Records contained in a dataset

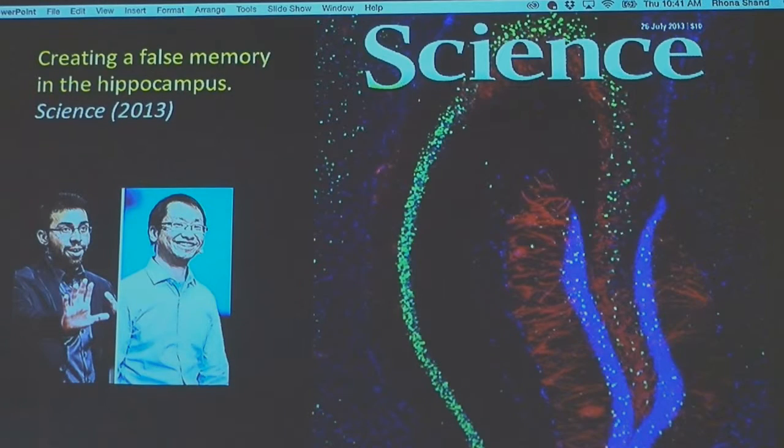Now I'm going to share a groundbreaking research study about creating false memory in the hippocampus, conducted by neuroscientists Liu Xu and Steve from MIT in 2013. Their discovery was published in the top journal Science. In this picture, you're looking at the hippocampus of a rat, and the cells shown in red are the ones found to carry the fear memory through this experiment — they actually did find the physical traces of memory.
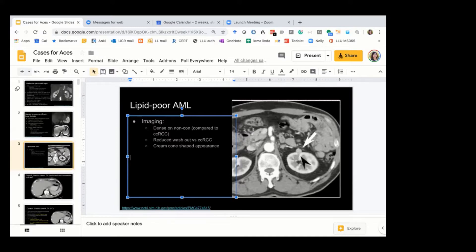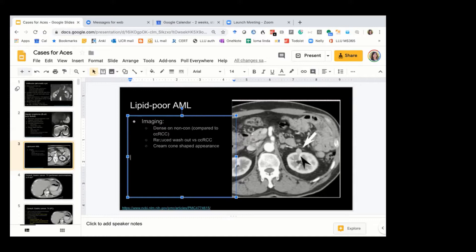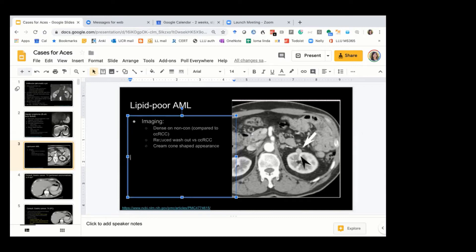I think the ice cream cone sign is a good one, because it's basically because it's a soft tumor — it's growing differently. A clear cell RCC will grow like a ball, whereas the AML has to have space to grow in the fat around the kidney. To me, it's pretty suggestive of an AML, so you could at least raise that possibility so they don't have to go to surgery — they could do a biopsy and ablate it at the same time.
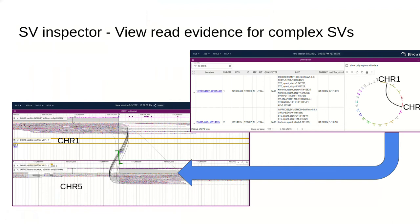We also have a special feature in JBrowse2 that we call the SV Inspector. This shows a table of structural variants along with a circular whole genome overview. In this example, it's connecting chromosome 1 and chromosome 5. And when you click on this, it brings up a detail view that can let you show the read evidence that connects those two points, shown by the black curvy lines.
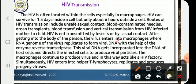Macrophages continue to produce virus — they act like an HIV factory. Simultaneously, HIV enters the helper T-lymphocytes, replicates, and produces progeny viruses.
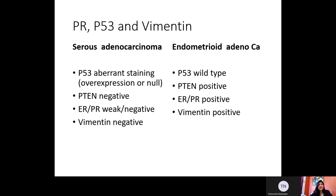For serous adenocarcinoma, P53 will show an aberrant staining pattern — either overexpression in the tumor or null type. ER and PR are either weak or negative. Vimentin is negative and PTEN is negative. For endometrioid adenocarcinoma, P53 is wild type — that is, you will see a mixed pattern where a few cells will be positive and few cells will be negative. PTEN is positive, and ER, PR, and Vimentin are all positive.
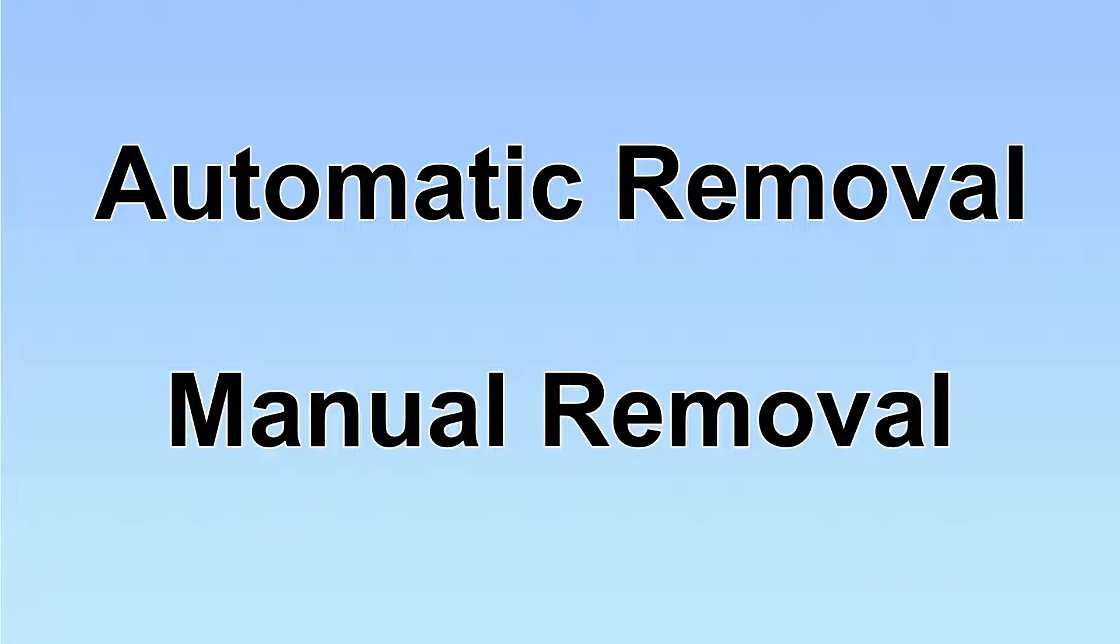We have two solutions to remove the virus: automatic removal and manual removal.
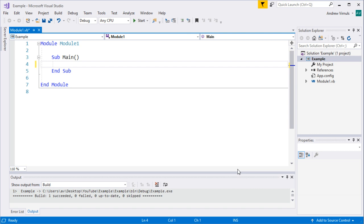Variables are what we use in programming to store values while the program is running. Any program that can't store anything is less likely to do anything useful or interesting. A game without a score or number of lives wouldn't be particularly interesting, and those are things that need to be remembered. Even checking files for a virus requires remembering how far you've got, so variables are useful for that.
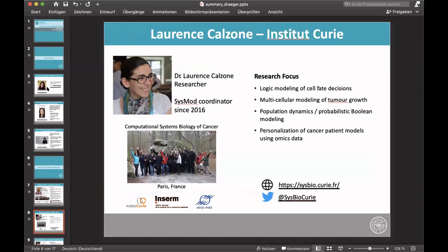Laurence Carzone is a researcher at the Institute Curie in the Computational Systems Biology Center for Cancer. Her focus is on logic modeling of cell fate decisions, multicellular modeling of tumor growth, population dynamics and probabilistic modeling, and the personalization of cancer patient models using omics data. She has been involved in SYSMOD since 2016. You can visit her website or follow her via Twitter or her group at CISBio Curie.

ACTIVITY =
All of the entries need to be copied exactly, minus any pictures.

RESULT =
Now I'm going to share a groundbreaking research study about creating false memory in the hippocampus, conducted by neuroscientists Liu Xu and Steve from MIT in 2013. Their discovery was published in the top journal Science. In this picture, you're looking at the hippocampus of a rat, and the cells shown in red are the ones found to carry the fear memory through this experiment — they actually did find the physical traces of memory.
I think the ice cream cone sign is a good one, because it's basically because it's a soft tumor — it's growing differently. A clear cell RCC will grow like a ball, whereas the AML has to have space to grow in the fat around the kidney. To me, it's pretty suggestive of an AML, so you could at least raise that possibility so they don't have to go to surgery — they could do a biopsy and ablate it at the same time.
We also have a special feature in JBrowse2 that we call the SV Inspector. This shows a table of structural variants along with a circular whole genome overview. In this example, it's connecting chromosome 1 and chromosome 5. And when you click on this, it brings up a detail view that can let you show the read evidence that connects those two points, shown by the black curvy lines.
Macrophages continue to produce virus — they act like an HIV factory. Simultaneously, HIV enters the helper T-lymphocytes, replicates, and produces progeny viruses.
For serous adenocarcinoma, P53 will show an aberrant staining pattern — either overexpression in the tumor or null type. ER and PR are either weak or negative. Vimentin is negative and PTEN is negative. For endometrioid adenocarcinoma, P53 is wild type — that is, you will see a mixed pattern where a few cells will be positive and few cells will be negative. PTEN is positive, and ER, PR, and Vimentin are all positive.
We have two solutions to remove the virus: automatic removal and manual removal.
Variables are what we use in programming to store values while the program is running. Any program that can't store anything is less likely to do anything useful or interesting. A game without a score or number of lives wouldn't be particularly interesting, and those are things that need to be remembered. Even checking files for a virus requires remembering how far you've got, so variables are useful for that.
Laurence Carzone is a researcher at the Institute Curie in the Computational Systems Biology Center for Cancer. Her focus is on logic modeling of cell fate decisions, multicellular modeling of tumor growth, population dynamics and probabilistic modeling, and the personalization of cancer patient models using omics data. She has been involved in SYSMOD since 2016. You can visit her website or follow her via Twitter or her group at CISBio Curie.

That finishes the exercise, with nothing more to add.